The result should be an exact copy of only the lines from the one holding "ECT sensor over" through the last line of the data below, please, without pictures.

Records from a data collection
== == ==

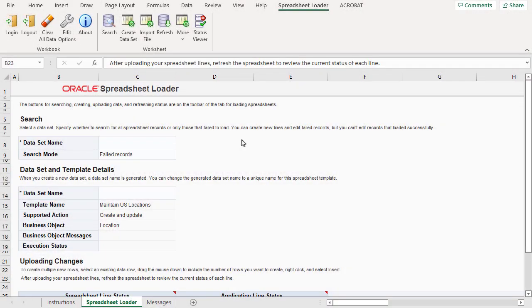Datasets are simply sets of data that you want to upload to the application. Datasets in HCM Spreadsheet Data Loader, or HSDL, are about the set of data you want to load at a particular point in time. For example, if you were loading overtime records, a dataset might be the overtime for a particular location for a particular period.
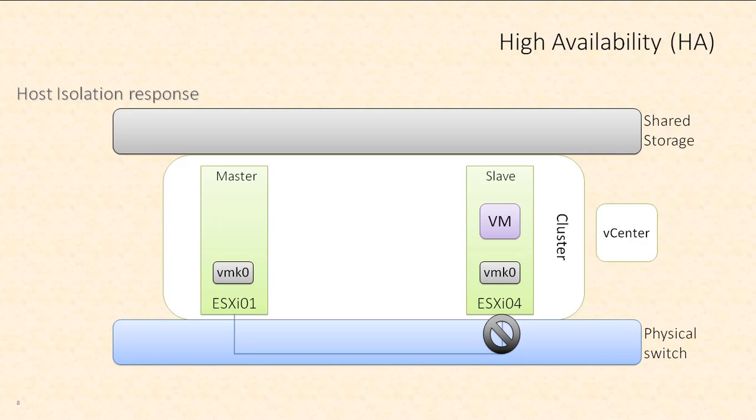The correct host isolation response really depends on your environment. What do you think is going on if the management network has failed? If the management network is down, are your virtual machines most likely down? Does it run on the same network as your virtual machine traffic? Once you answer these questions about your environment, you can correctly choose the appropriate host isolation response.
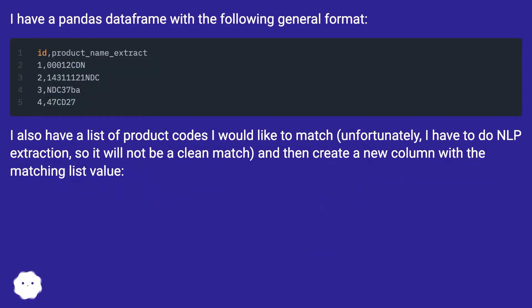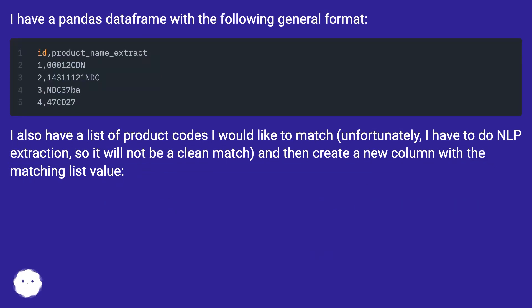I have a pandas dataframe with the following general format. I also have a list of product codes I would like to match. Unfortunately, I have to do NLP extraction, so it will not be a clean match, and then create a new column with the matching list value.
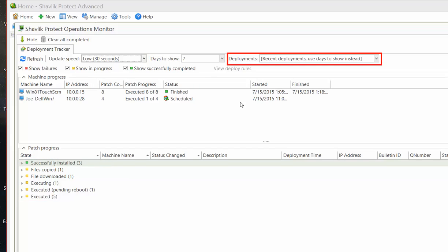The Deployments box enables you to specify if you want to see information about all deployments or just a specific deployment. So, if I choose a specific patch deployment job, information about the other patch deployments will disappear.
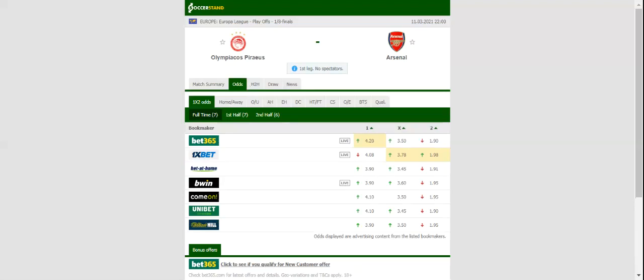Given Arsenal's attacking potential, we do not believe that the hosts are capable of keeping a clean sheet in Thursday's clash. The Gunners, on the other hand, did well to eliminate Benfica in the last 32, and they head into the Olympiakos clash following a one-one draw with Burnley.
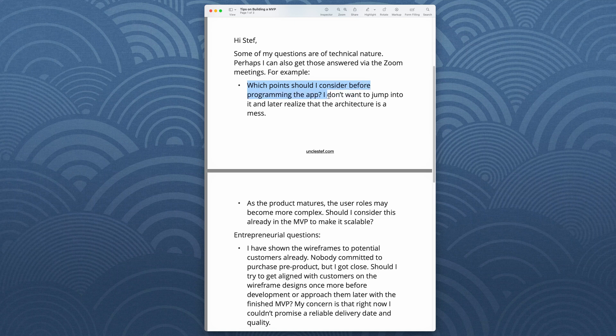Which point should I consider before programming the app? I don't want to jump into it and later realize the architecture is a mess. Good question. When you're developing an MVP, your minimum viable product, this is the first version of a piece of software you're putting out there. Most of the time you're not going to really understand what the ultimate use cases are — meaning you're not going to understand completely what the app should do and how it should do it.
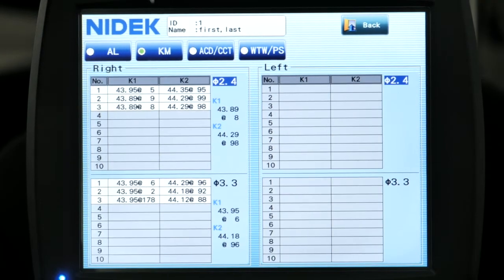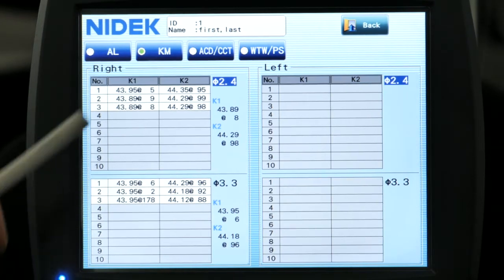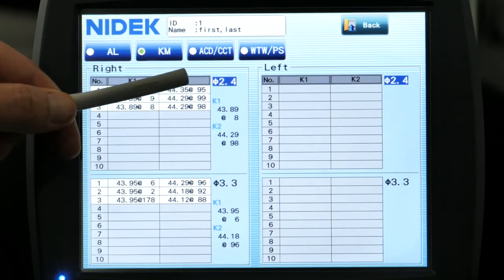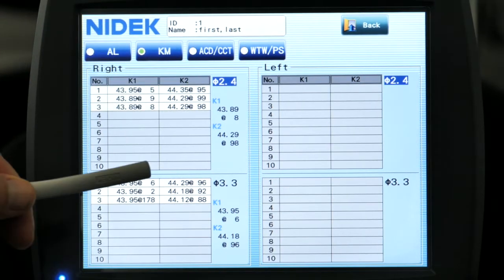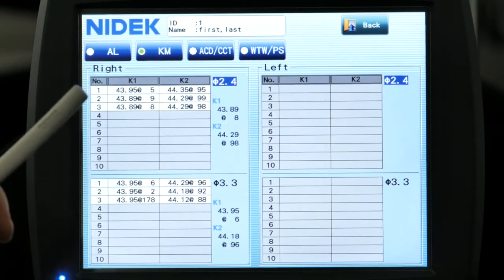You can look at your keratometric measurements. As you can see here, we have the 2.4 and the 3.3 Mayer rings. So we have two Mayer rings. Each Mayer ring has 360 data points, so you're getting a total of 720 data points.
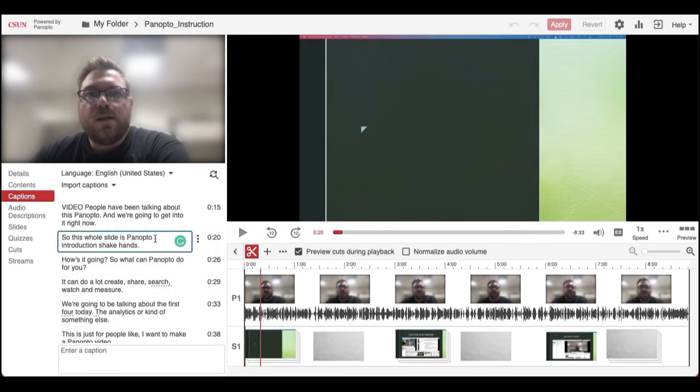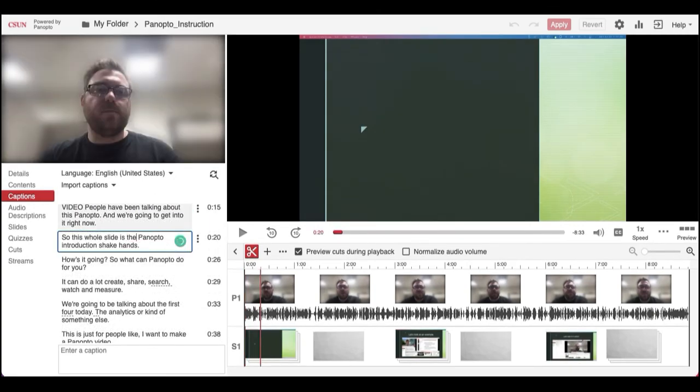If you would like to edit the captions, simply click on the caption you'd like to edit and you can either add words or take them away.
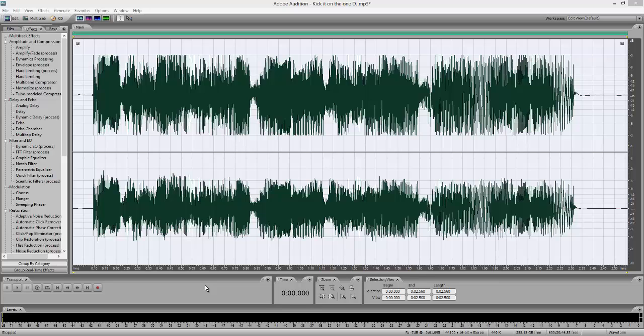What's up guys, it's Smoshy from youtube.com/SmoshyYashi and today I have a quick video for you. This is probably my favorite effect to produce in Adobe Audition and it's very easy to do. This is my version — I'm sure there's other versions out there, but this one I found the absolute easiest.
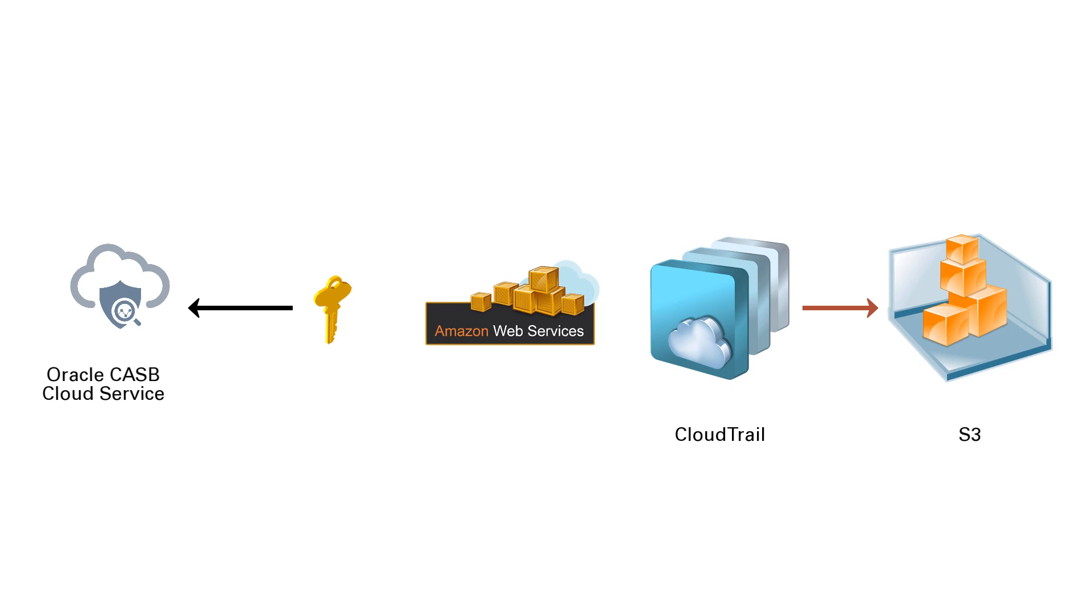For AWS account monitoring, Oracle CASB Cloud Service can use either an IAM user to act as a dedicated service account or an IAM role. AWS recommends the use of roles as no access and secret keys are required and it's viewed as a more secure integration.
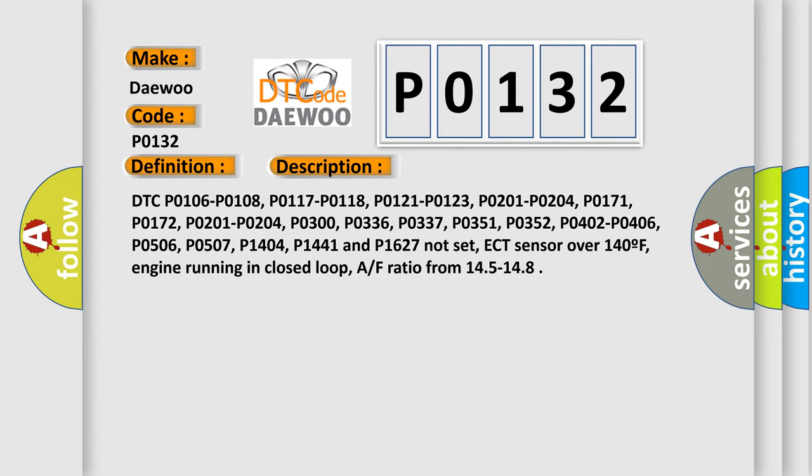ECT sensor over 140°F, engine running in closed loop, AF ratio from 14.5 to 14.8.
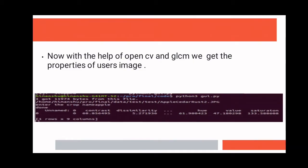OpenCV is used to get the grayscale image and HSV representation, while the GLCM is used for extracting the image texture. Now we have our processed data.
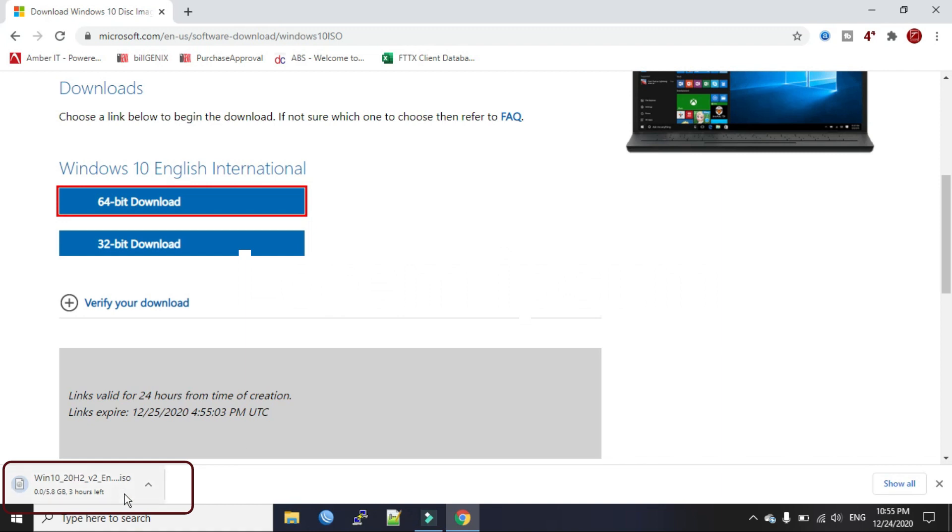So after we download this file, we can make a bootable USB. I have a video on how to make bootable USB. I'll put the link in the description.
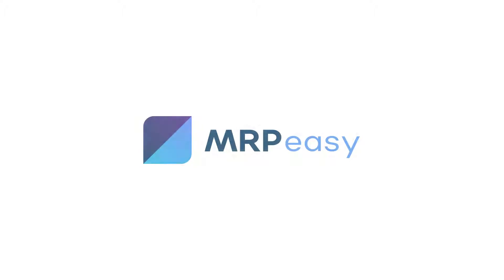To learn more about MRPEasy, please see our other videos. Thank you.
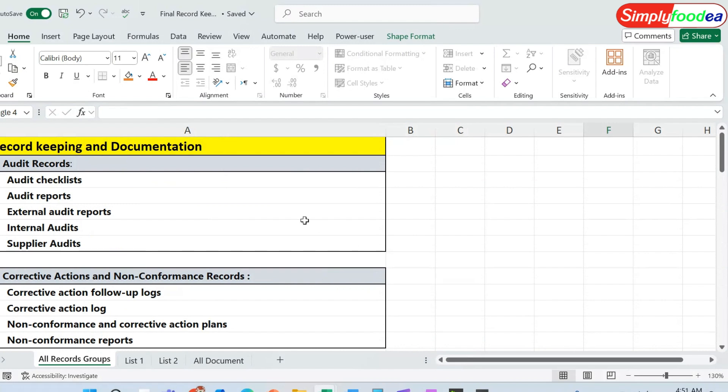These are all the important records you must have in record-keeping and documentation, principle number seven. In the upcoming videos I will explain each one of these records in your HACCP plan and how you can include them in your complete HACCP plan. Best of luck to all of you, goodbye.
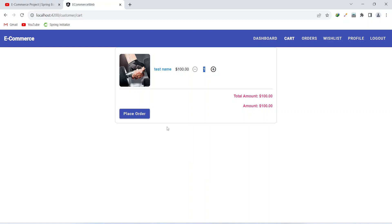That's it for this video. In the next video we will create the APIs to increase the quantity and decrease the quantity of our cart item.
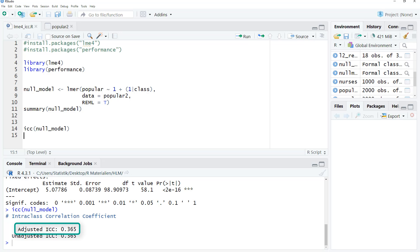Here are the results, 0.365. In general, you should use the adjusted ICC. But in an empty model or null model, both will be the same.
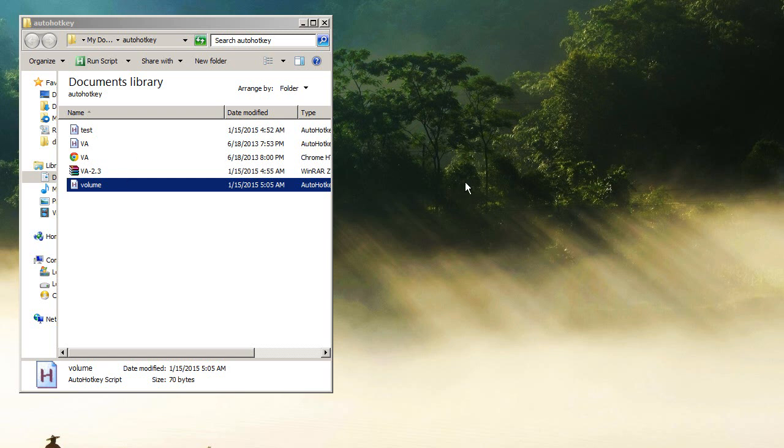Alright guys, so I wanted to make a simple volume control hotkey for Windows 7 and it was nearly impossible to find a conclusive solution. So after way too much research I finally figured out how to do it.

== == ==

Exercise answer ->
ECT sensor over 140°F, engine running in closed loop, AF ratio from 14.5 to 14.8.
OpenCV is used to get the grayscale image and HSV representation, while the GLCM is used for extracting the image texture. Now we have our processed data.
So after we download this file, we can make a bootable USB. I have a video on how to make bootable USB. I'll put the link in the description.
To learn more about MRPEasy, please see our other videos. Thank you.
These are all the important records you must have in record-keeping and documentation, principle number seven. In the upcoming videos I will explain each one of these records in your HACCP plan and how you can include them in your complete HACCP plan. Best of luck to all of you, goodbye.
That's it for this video. In the next video we will create the APIs to increase the quantity and decrease the quantity of our cart item.
Here are the results, 0.365. In general, you should use the adjusted ICC. But in an empty model or null model, both will be the same.
Alright guys, so I wanted to make a simple volume control hotkey for Windows 7 and it was nearly impossible to find a conclusive solution. So after way too much research I finally figured out how to do it.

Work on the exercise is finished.